The Christmas Dream

Rêve de Noël, 1900, 4m15s
Star Film Catalogue Nos. 298-305

On Christmas Eve, a child is tucked up in bed. In Father Christmas’s grotto, his servants are hard at work, but take advantage of his absence to admire an elaborate procession and perform a dance featuring a ballerina solo. Father Christmas returns, grabs one of his charges by the ear and cuffs him. On the town’s snow-covered rooftops, angels deposit presents down the chimney. Bellringers announce that it’s Christmas, and a group of people enters the church, shaking off the snow. Doves flutter around the gigantic bell. People parade through the town centre, many holding lanterns. A man interrupts a Christmas feast to ask for alms, and after a brief altercation is welcomed to join the revellers. In the child’s bedroom, various presents are unwrapped as other family members come with Christmas wishes. A long line of children dances in a snowy landscape.

The Christmas Dream returns to the fantastical territory of Cinderella (Cendrillon, 1899), though goes even further in its subordination of narrative to movement and dance. Essentially, Méliès seems to be creating an impressionistic portrait of Christmas from multiple viewpoints: the mythical (Father Christmas in his workshop), the religious (the church bells, the choir), the social (the scene at the feast) and the consumerist (the present-giving), though it’s been carefully structured so that each tableau blends more or less seamlessly into the next, courtesy of carefully calibrated dissolves.

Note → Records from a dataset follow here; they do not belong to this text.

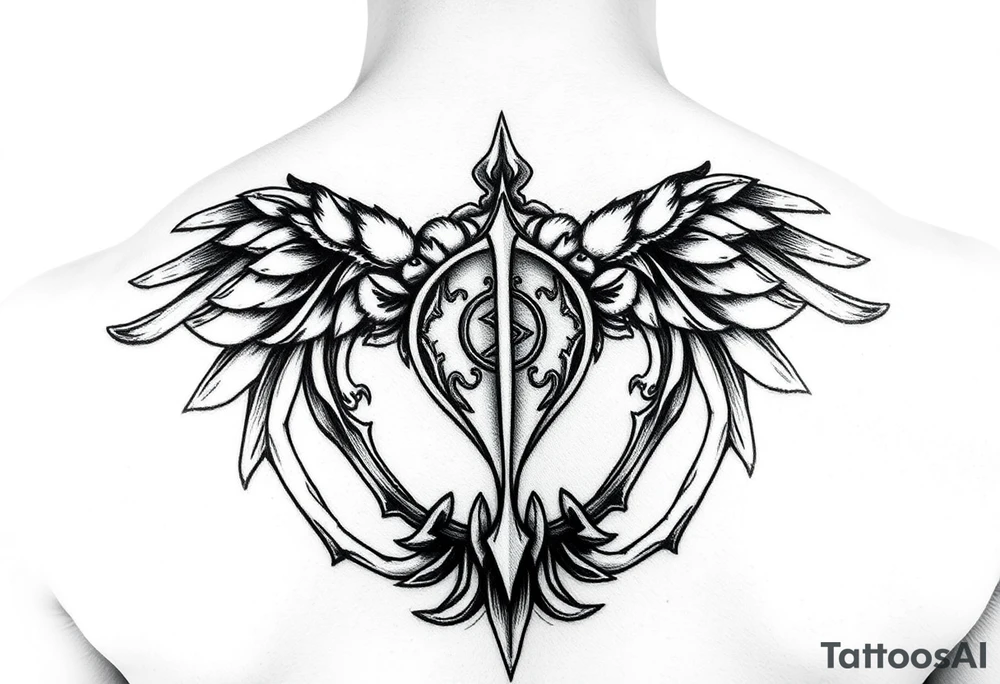Play pause stop in a ekg style tattoo idea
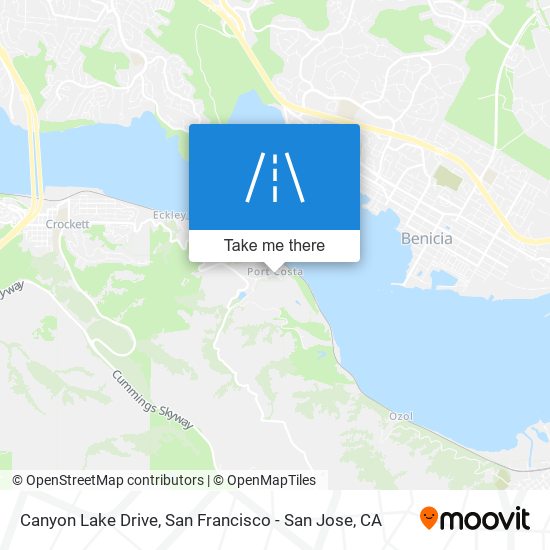 Mapa de Canyon Lake Drive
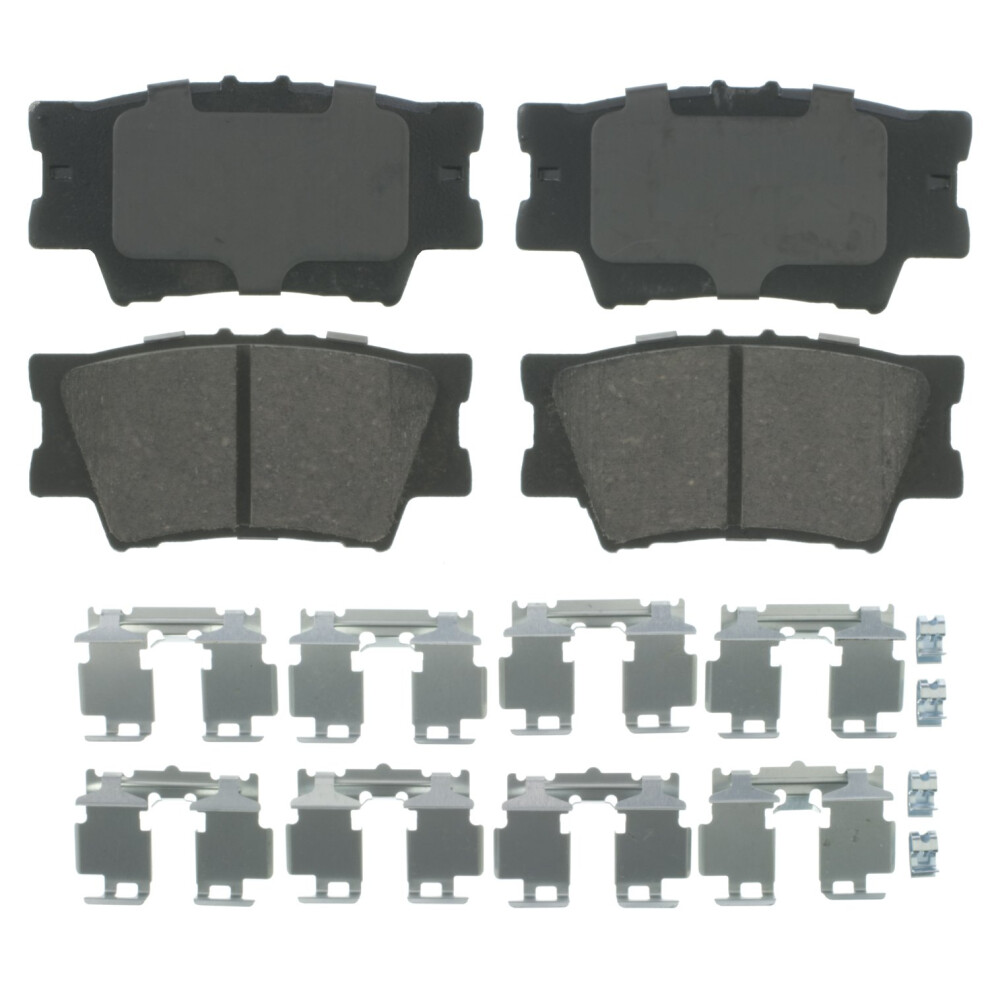 Wagner QuickStop ZD1212 Rear Disc Brake Pad Set for 2018 Toyota RAV4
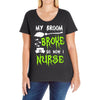 my broom broke! so now i nurse Ladies Curvy T-Shirt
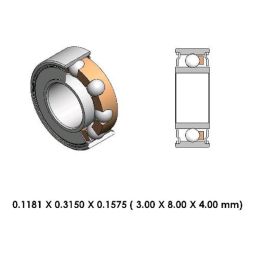 9A0113-000 Low Speed Steel Dental Bearing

After a brief introduction in which a child is tucked up in bed on Christmas Eve, we are transported to what is presumably Santa’s grotto, though many of the trappings of the myth that we recognise today had yet to be established - this Father Christmas is a long way from the jovial white-bearded red-costumed figure that we’d find comfortingly familiar. Instead, he comes across as a harassed manager, trying to browbeat his staff into greater efficiency and chastising them when they take advantage of his absence to perform an illicit dance (complete with giant drumming rabbit scurrying briefly across the frame). One of the dancers loses a shoe, and although this seems to be building to some kind of punchline, it does appear to have been a genuine accident - presumably Méliès was unable to shoot another take because of the in-camera dissolves bookending the sequence.

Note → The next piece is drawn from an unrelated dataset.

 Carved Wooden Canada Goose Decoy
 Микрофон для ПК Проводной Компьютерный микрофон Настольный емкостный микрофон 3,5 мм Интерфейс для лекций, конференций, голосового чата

The mythical material continues into the next shot, as presents are deposited down chimneys - though in an unexpected touch, the deliveries are being facilitated by two angels, their wings offset by the snow-covered roofs depicted in a foreshortened perspective familiar from other Méliès titles, which has the effect of grouping the buildings tightly together. The church spire can be seen in the distance, towering over the rest, and the whole scene is being gently blanketed with presumably artificial snow.

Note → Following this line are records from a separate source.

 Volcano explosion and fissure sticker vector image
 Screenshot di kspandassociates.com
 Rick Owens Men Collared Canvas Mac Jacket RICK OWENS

If the rooftop scene showed the mythical giving way to the spiritual, the next sequences provide alternative viewpoints of the religious side of Christmas, starting with the bells being tolled by a quartet of somewhat harassed ringers, being drilled by what seems like a martinet of a boss (there are echoes of Santa’s portrayal from earlier). As the worshippers enter, shaking the snow off their cloaks, Méliès dissolves to the belfry, dominated by a single huge (and blatantly artificial) bell and a number of real pigeons who are scared off by a man with a lantern inspecting the area.

Like the roof scene, this acts as a bridge from the religious to the social aspects of Christmas, and the next scene incorporates the most detailed subplot, as a beggar sits huddled in the snow outside the venue for a lavish feast, holding his hat out for alms. Most people do give him something, though this background detail is gradually usurped by more elaborate choreography of various lantern-bearing functionaries lighting the way for the more distinguished guests. The scene then cuts to the feast itself, which the beggar decides to gate-crash - and is ultimately welcomed by the host: on Christmas Day, traditional hierarchies are temporarily levelled.

We then return to the child’s bedchamber, and while the social aspects of Christmas continue to be a running theme (though this time on a family level), the consumerist elements take over, as the child is given various large animal toys, a drum, a doll and other assorted knick-knacks. Finally, all the children dance around a Christmas tree, perhaps the single most universally recognised symbol of the season, which brings the film to a fitting close (albeit a somewhat abrupt one in the print under review, which seems to end fractionally too early).

The untinted print on Flicker Alley’s DVD is occasionally a bit wobbly (there’s evidence of warping), and some shots are in better condition than others (there’s quite a bit of surface damage and exposure fluctuation), but there’s also plenty of fine detail to appreciate. Donald Sosin’s wistful score (mostly piano, with occasional percussion) is scene-specific, and does an impressive job of timing itself to the dancers in the relevant scenes, and conveying the effect of falling snow in the exteriors.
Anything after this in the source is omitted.